Como pode o nosso espírito luminoso unir-se com a Luz descendente divina é talvez a principal questão tratada nos seus escritos com grande sabedoria e concisão.
Os principais meios para se chegar a esta união são, e bem explicados por ele, a diminuição ou moderação do descanso e dos alimentos (sufismo é fome, fome...), a entrega a um mestre (com o qual se estabelece no coração um laço iniciático que permite a consulta ou comunicação tele-anímica a qualquer momento), uma vida ascética (pelo qual se transmuta o corpo grosseiro e se aprende a controlar a paixão, irmã gémea da alma, e a ouvir a inteligência superior, irmã-gémea do coração íntimo, bem como a morrer para si próprio) e o desenvolvimento de certas qualidades, tais como a paciência, a vigilância sobre si mesmo, o contentamento, a confiança e a atenção a Deus e, finalmente, a prática da invocação de Deus, esta a pedra de toque também na tradição indiana e cristã.
Kubra distingue três caminhos ou vias: a mais lenta da gente piedosa, religiosa, cumpridora dos seus deveres. Depois, a dos que lutam fortemente no seu interior, os justos, surgindo por fim a via mais rápida da aspiração amorosa e da morte em Deus, na qual se viaja em estados de amor e de beatitude.
Este caminhar mais rápido será o seu e aquele que dinamizará nos seus discípulos, a via kubrawîe, a dos que voam para Deus.
Acerca do valor do desejo na via ou caminho, Najm al-din Kubra costumava contar a história metafórica do sheikh al-Kharaqâni, que tendo na meditação do meio-dia subido às alturas do trono do Deus e feito mil circunvalações, encontrou um grupo de seres espantados com a velocidade com que ele conseguia rodar à volta de Deus, tendo-lhes respondido que certamente derivava da sua natureza de fogo e de luz, movida pelo desejo.
Kubra valorizava muito a confiança pura em Deus, como a melhor forma de evitar os ataques de forças negativas, indicando mesmo como a oração mais própria para sermos libertados de forças negativas esta: Yâ ghiyaâth al-mustaghîtîn aghithnî, Oh Socorro daqueles que imploram o socorro, socorre-me. Já para saber se devíamos fazer isto ou aquilo, ou se tal pensamento era ou não da alma, se era ou não de Deus, preconizava a consulta tele-anímica com o mestre e o desenvolvimento dum sentido de gosto espiritual, através do qual o sabor doce revelava o divino, e o amargo o que não deveríamos assimilar.

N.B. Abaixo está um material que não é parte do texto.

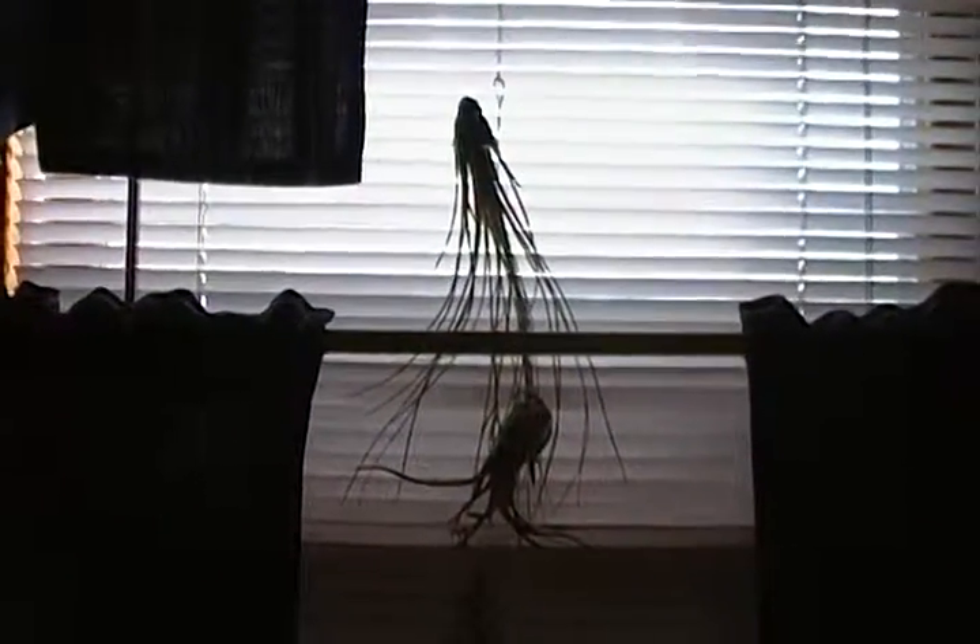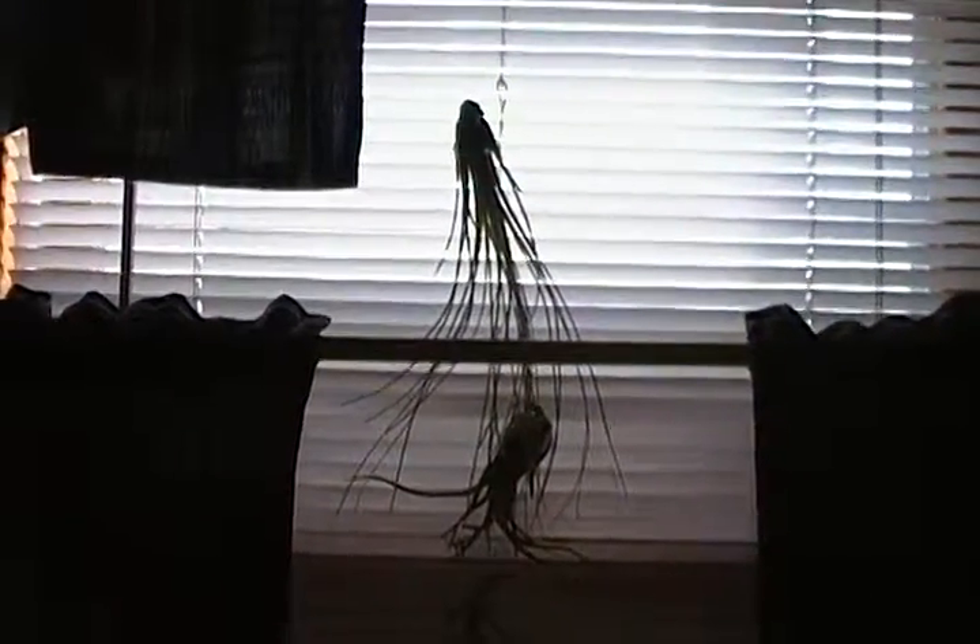Thank you. I just wanted to share with you my unique air plant setup.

Eis uma técnica raríssima entre os místicos e mestres e bem valiosa, pois estamos a trabalhar o gosto ao nível espiritual e como sabemos temos tal sentido no corpo espiritual. Por isso, mesmo ao alimentar-nos, devíamos estar mais atentos a um saborear de gratidão...
O caminho espiritual é no fundo uma via alquímica de extracção do ouro filosofal que é a visão espiritual, ou seja, o órgão de luz contemplativo que nos permite tanto ver a luz interior e a luz divina como as características subtis do estado ou estação do caminho da vida em que nos encontramos.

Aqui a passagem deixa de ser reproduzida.